Splitting Christmas between mum and dad
If you are not sure that you can put your differences aside for the kids’ sake, then Christmas is probably best done separately. Consider splitting the festive days between you and turning this to your advantage. Think about having Christmas lunch with Mum, then dinner with Dad, or vice versa. Alternatively, you could split it so that one of you has them on Christmas Day and one on Boxing Day, or one on Christmas Eve, and one on Christmas Day. Whatever you do, don’t try to compete with each other – a common mistake single parents make. Instead, make your Christmases different – breaking with old traditions might help here as it will be very awkward for the kids if they have to celebrate the same Christmas twice, once with each parent. So speak to your ex, ask what he or she will do so as to not put your kids into a difficult situation. And don’t feel bad, kids are incredibly adaptable and if both parents are happy, they will sense that and be much happier, too.
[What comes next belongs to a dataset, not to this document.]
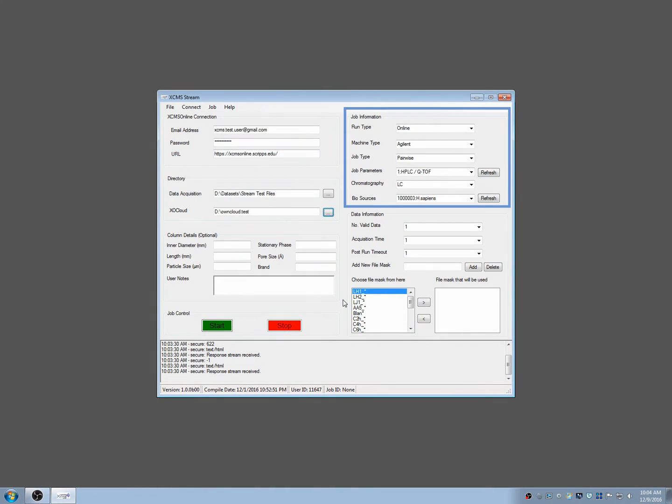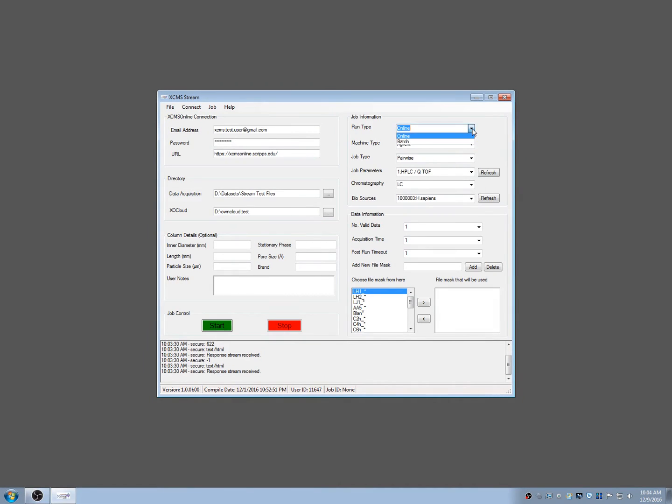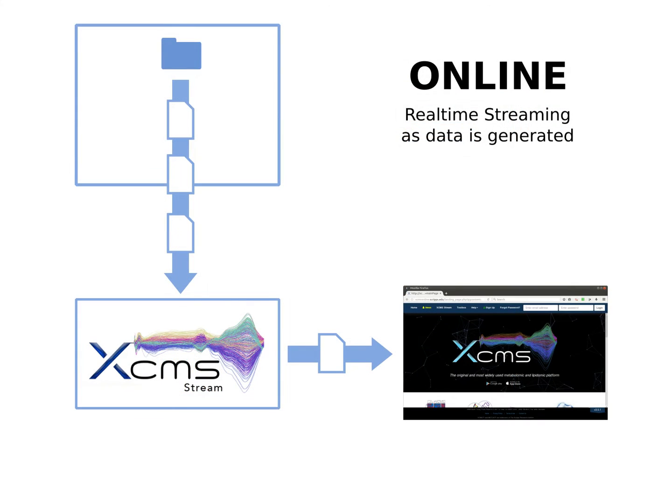Job information, however, is required. In the Job Information section, choose how XCMS Stream will run. Your choices are Online or Batch Mode. Selecting Online means XCMS Stream will compress and stream data as it is being generated directly from the instrument computer to XCMS Online. This significantly reduces upload times.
Spending the holidays away from your children
If the distance between you and your ex is both emotional and geographical, and the ‘back together over Christmas’ model can’t work logistically, you are facing the daunting prospect of spending Christmas without your children every other year as you will need to alternate who has the kids over the holidays. If you’re the one entirely without the kids over the holidays, and especially if in the immediate aftermath of a divorce, you’re going to miss them terribly – so get planning! This might be the first time in many years you have time to yourself, so make the most of it and don’t dwell on the situation. Consider spending the festive period with other single parents or adults in a similar situation. If you surround yourself with other people’s children, you might feel reminded of what you are missing. You could spend the holidays with other single friends or siblings, or even a new romantic interest, or splash out and go on a singles holiday with adults of a similar age and/or interests. Don’t forget to arrange times with your ex to skype with your kids. That way you will hopefully miss each other a little less. Plus you can put them at ease that you are happy and enjoying yourself. You would be surprised how much children of separated or divorced parents worry about mum and dad!
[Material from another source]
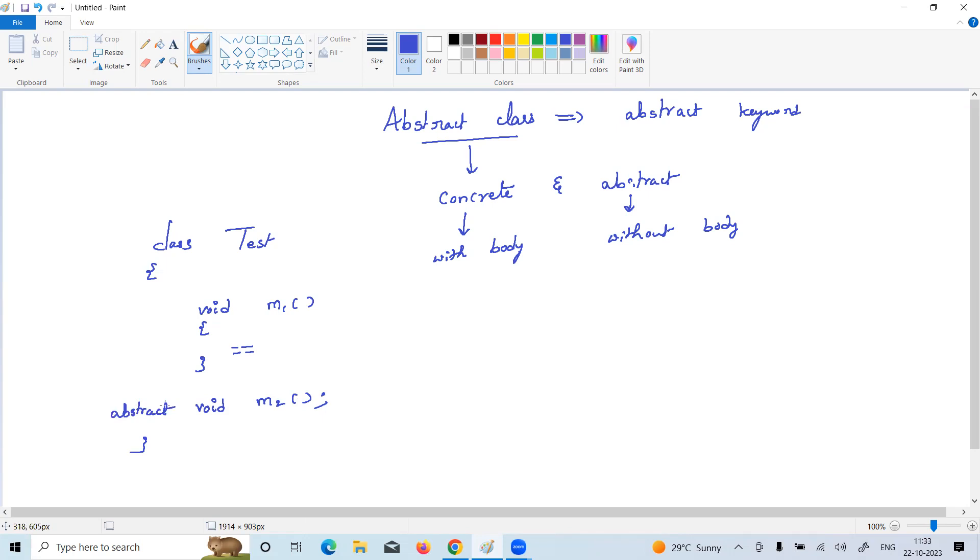The class is also abstract class. Defining a class with abstract keyword which contains the concrete methods as well as abstract methods.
Just you and the kids at Christmas
Of course, it may be that your ex no longer plays a role in your kids’ lives. There are many reasons why a parent is absent and in most cases the parent is sorely missed by the children left behind. To limit the trauma and sense of abandonment, it is important that you, the solo parent, talk, listen and reassure your children of your unconditional love and affection, even more so at a time where everyone and everywhere reminds you that Christmas is a time for families. On a positive note, you can plan Christmas without having to worry about anyone interfering. Every decision is yours and that of your children so involve them in the planning: You can cook your favourite dishes together, choose which Christmas movie to watch and decide which ice rink or Christmas market to go to. Make Christmas magical for them – you will creative memories and a special bond that will last a lifetime.
Surround yourself with people you care are about
If you worry about feeling lonely over the festive period, why not invite friends, family or neighbours over? Even if you don’t have parents or siblings nearby, there will undoubtedly be others who will be celebrating Christmas alone and who will jump at the chance of spending it with you and the kids. You might have a single parent friend who would love to spend Christmas Day with you and the children, or elder neighbours, single friends or cousins who all feel that Christmas is more magical with kids around. Whether you invite them for Christmas Eve, Christmas Day or Boxing Day or to stay with you over the holiday period, it will undoubtedly be a fun experience for everyone. And it will show your kids that they are not alone but that there are others who care about them. After all, not everyone has grandparents on their doorstep.
Whatever you decide to do, having a plan and maintaining your composure in front of the kids is key. Seeing you relax and enjoy Christmas is what they need most of all and what will bring that sense of normality back into their life. Christmas after a divorce is tough and you will have mixed feelings, no doubt. After all, you’re only human.